Hungry
- It's taking every bit of willpower I possess to sit in this chair and not walk the five feet into the kitchen to get a snack. Cereal sounds really good right now. Or vanilla ice cream. Or even a handful of mini marshmallows. But no. I'm not giving in tonight. I'm not. Not.
- I finally made an appointment to see a doctor on Monday. I keep thinking that this "post-partum" anxiety thing will go away. But if I'm honest with myself, I have to recognize that it's been getting worse and worse. I'm not blaming it on post-partum hormones in any way, because M is almost 2 and I know my body is actually pretty much back to "normal" now. But I know that I have never had anxiety like this before, so I am definitely relating it to the emotional changes of motherhood. Anyway, I'm going to have the (awkward?) conversation where I request that I be put on something to (hopefully) fix it. Hopefully for sure.
- Pugs may have the cutest little faces, but they are N O I S Y. I know, everyone knows that. So why is it that my memories of the pug we had when I was a kid are distinctly lacking in the noise department? How could I have forgotten that? How can I live with a dog for the next 10-15 years that sounds like THAT? Oh right. Because the pug is one of M's favorite things on the planet, and my heartlessness toward the dog does not extend to heartlessness toward my girl. Hmph.
- M's new favorite book is the Gyo Fujikawa "Babies." But what makes it cute is that she brings it to me to read saying "naughty? naughty?" Apparently she loves the book because of the page where it says "Sometimes they are naughty. . ." and shows them doing things like tearing pages out of a book and not sharing a toy. I love the personality that is growing exponentially every day in this girl.

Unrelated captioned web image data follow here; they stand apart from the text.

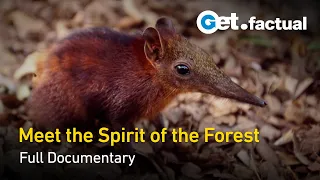 Elephant Shrew - Spirit of the Forest | Full Documentary
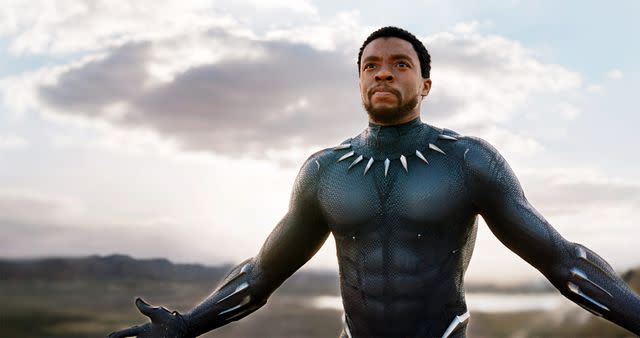 Marvel Chadwick Boseman as King T'Challa in <em>Black Panther</em> (2018)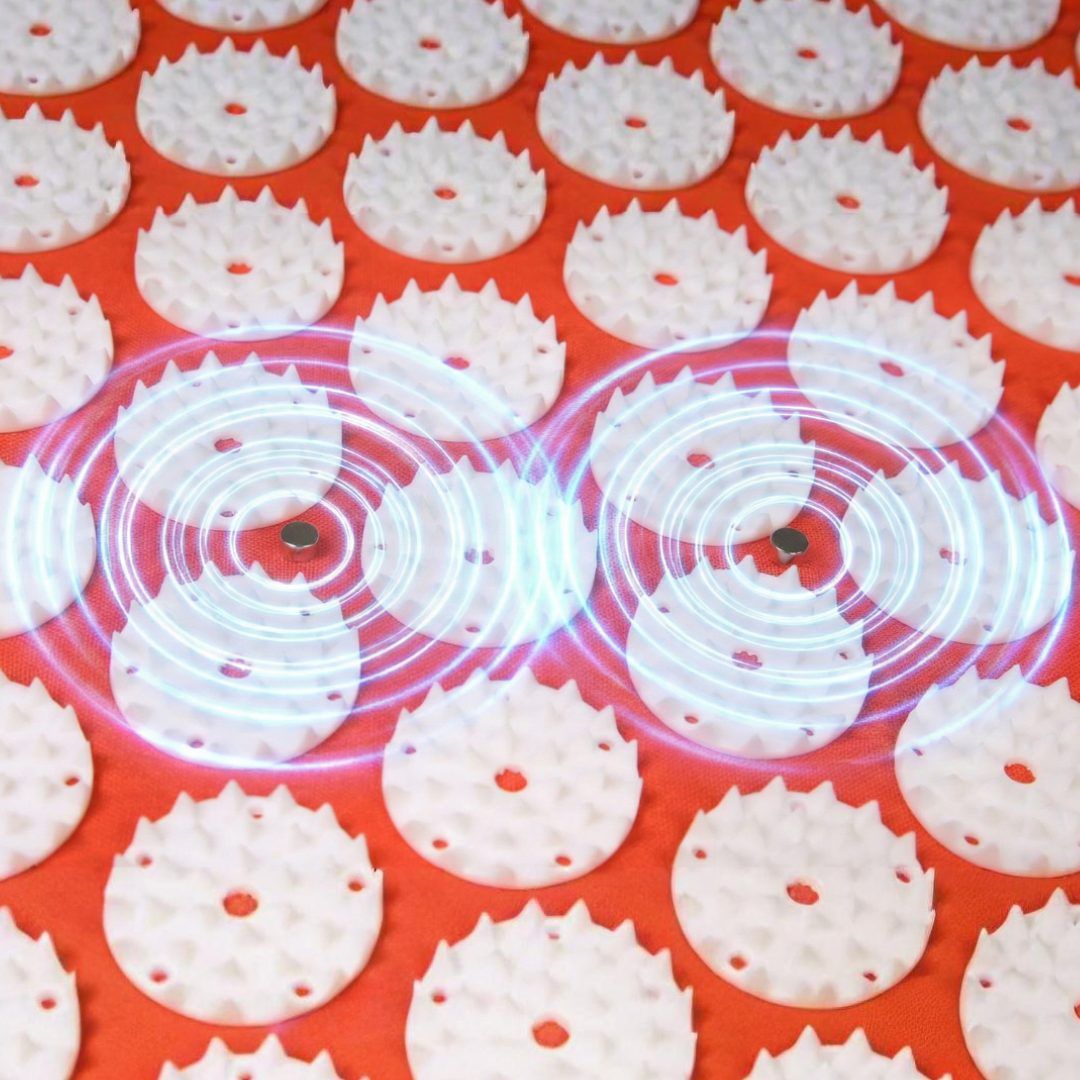 Thermo Mag Mysa Duo XXL: Magnetic Mysa XXL + Cuscino con Magneti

- I used to be opposed to the over-processed, too-easy, not-really-cooking and not-really-healthy stigma that I associated with salad kits. A weird thing to put much thought into, I know. But I thought that chopping the veggies myself and adding a self-selected dressing somehow made it more of a "real" salad. Not anymore. I am completely over my snobbery re the bagged salads, and in fact that are my current favorite thing to "make" for dinner. The Grand Fiesta! The Grande Parisian! Asian Supreme! Open a bag and have a good healthy serving of leafy greens that tastes fab while requiring 0 effort. What exactly was my problem with this?